In this post I’d like to try to explain why and then, having addressed that, in the second post I will move on to stating several tentative ideas about PD which, I think, state where we are taking the subject, positioning it not only in relation to the MBA education experience but extending it as a statement of something much bigger.
Many Business Schools have some kind of position on Personal Development. Usually the only way to find out what that is by seeing what they say about it in their marketing material or what they reveal about it via their programme information. Any position on PD could be said, I suppose, to come predominately either from without or from within. ‘From without’ means that a school has probably surveyed what it considers to be its market and come to the conclusion that this market demands PD, or something like it, be a component of the course (i.e. be one of the course’s benefits). Alternatively it could also be that because so many of their competitors seem to be think it so then they, too, must follow suit. This is a compelling position among MBA programmes entangled in rankings battles and it ensures that PD will be pluralistic, plastic and will often rely on non-teaching staff supplemented by “expert” input bought in from outside. There’s an overlap with career-related skills development and an advocacy of competency-based frameworks, an extensive use of psychometrics (and resourcing), and advocacy of coaching and mentoring support. Actual integration with the MBA curriculum is minimal when it is mainly the external that influences PD because assessment is expensive and integration of behavioural skills to academic learning outcomes is hard to do without a deeper philosophical intent. The net result of this position is often a strong marketing message but a weak return on an MBA’s investment because the intellectual energy of the course is focused on the rest of the curriculum. PD is demoted to a very few measurables, such as how happy the participants were with the CV writing classes, or the presentation courses, or the mock interviews, or the mentor programme, or just simply with the time taken for job placement (and, of course, level of salary). No connection to the education is really needed to measure the effectiveness of the PD in such a case.

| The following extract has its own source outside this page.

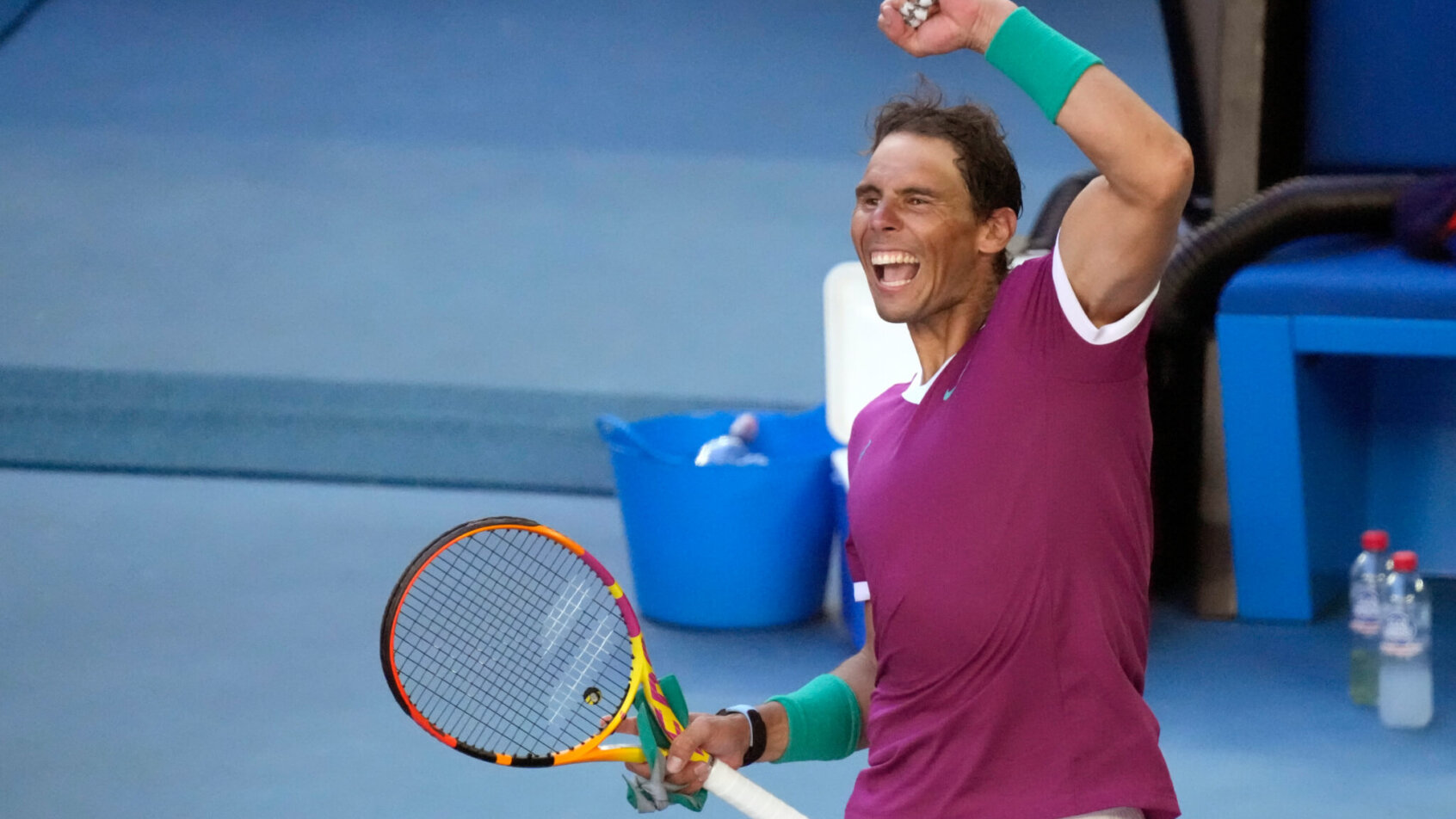 Berrettini vs Nadal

The other position for PD, whereby it comes from within, is often driven by the institution’s culture, history and type of clientele (i.e. the sort of students and the sorts of organisations they work for). It is also much rarer in the market. Where a School has taken the position on PD that it is intellectually significant there may still be many of the manifestations of career assistance and advice that one finds in externally driven schools, but there is something else, too. PD is part of the curriculum itself. This may be implicit in practice-oriented forms of assessment that require a reflective component, and it may be explicit in PD being a course in its own right. To take this position is to acknowledge not only that PD is not merely ‘training’ and ‘skills-building’, but is an epistemic member of the family of domains such as Marketing, Finance, Leadership or Strategy (albeit a much less researched one).
Anyone wondering what the hell I’m talking about can compare and contrast two examples. The first, which I would class as illustrative of the “PD from without” school is an Exec MBA from a little-known institution, London Business School. The second, much closer to my “PD from within” idea, is the Exec MBA at Aston University in Birmingham.